Although for a long time many have tried to align his work with artistic currents, such as land art (USA) or outdoors sculpture (UK), the artist points out that he is a walking artist. Since art made outside of artists’ studios and open-air experiences gained so much space, many thought that Fulton took part in one of these movements. However, he affirms that his work is distant from all of that. Walking is his driving force, and the experience of walking is his form of making art; the vivid art experience is what drives him forward. In this experience, the contact with the landscape results from an amiable practice in which the artist does not intend to leave marks or to frantically take in everything he sees, as a tourist would do in an unknown place. Fulton is interested in attentively observing what surrounds him and plunging himself into what nature offers in each new experience.

Differently from land art artists, such as Robert Smithson, who extract from the territory the raw material to create his pieces, or from outdoors sculpture artists, who produce large sculptures that remain in the landscape, Fulton, on the contrary, focuses on following the ethical principle of wilderness: “not to leave traces.”

So, considering the experiences he has been developing in his artistic production, his practice is, certainly, best defined as that of a walking artist; however, when one intends to classify his work, we could say that it is related to what Miwon Kwon defines as ‘site-oriented practices.’[2]

In 1972, Fulton began to do walks in Latin American soil and has done seven walks ever since; however, he has had only one show in Latin America, which took place in Mexico City.
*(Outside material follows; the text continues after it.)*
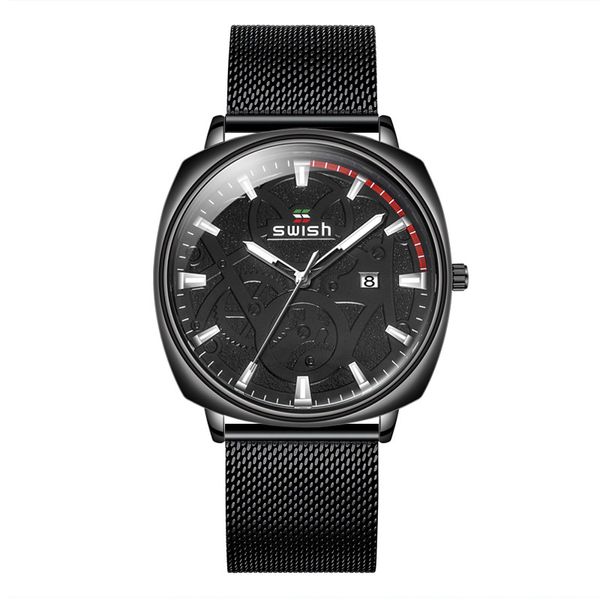 Montres pour hommes montre Gold Watch Dial Work Quartz montre des montres de poignet pour hommes de luxe Chronograph Clock Steel Belt Fashion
Some of his previous South American experiences include his trip to Peru and to Bolivia, with a stop in Chile, with Richard Long, when he visited the Nazca Lines and climbed the Illampu peak, in Bolivia, up to two thousand feet (1972); a walk in Bolivia, with Richard Long (1981); an attempt to climb Mount Aconcagua, from the Argentinean side—he couldn’t reach its peak due to bad weather conditions and stopped nearly one thousand meters before (1998); he climbed the Aconcagua from the Argentinean side again—this time he succeeded and reached its peak (2003); and his latest experience: a walk in the Atacama Desert, which included climbing Licancabur volcano from the Bolivian side (2012), an invitation from Plataforma Atacama.

In Fulton’s latest experience in Chile, he stayed in Machuca and climbed Jorquencal peak every other day. On the days when he was not climbing, he used to leave the room in which he was lodged and walked from door to door, and these days also became walking days. As a result, Fulton became acquainted with the everyday life of that new place and its residents and, as days went by, a repetition pattern was established—which involved both the village residents and geographical issues related to the movement of the sun and how its changes occur throughout the days.

The show ATACAMA 1234567, which is presented in the Galeria Nara Roesler, is a mix of works that includes the above-mentioned walking experiences in Latin America and in the rest of the world, as well as the artist’s latest experience in the Atacama Desert. Fulton describes a process that tells his vital experience as an artist using wall texts, photographs, texts, notes, and observations he made about the landscape he saw while walking. Although the walking experience itself is kept to the artist, in the show the viewer is invited to imagine and complete these experiences through shapes, texts, and images that turn the landscape into visuality.

The exhibition is on view at Nara Roesler Gallery.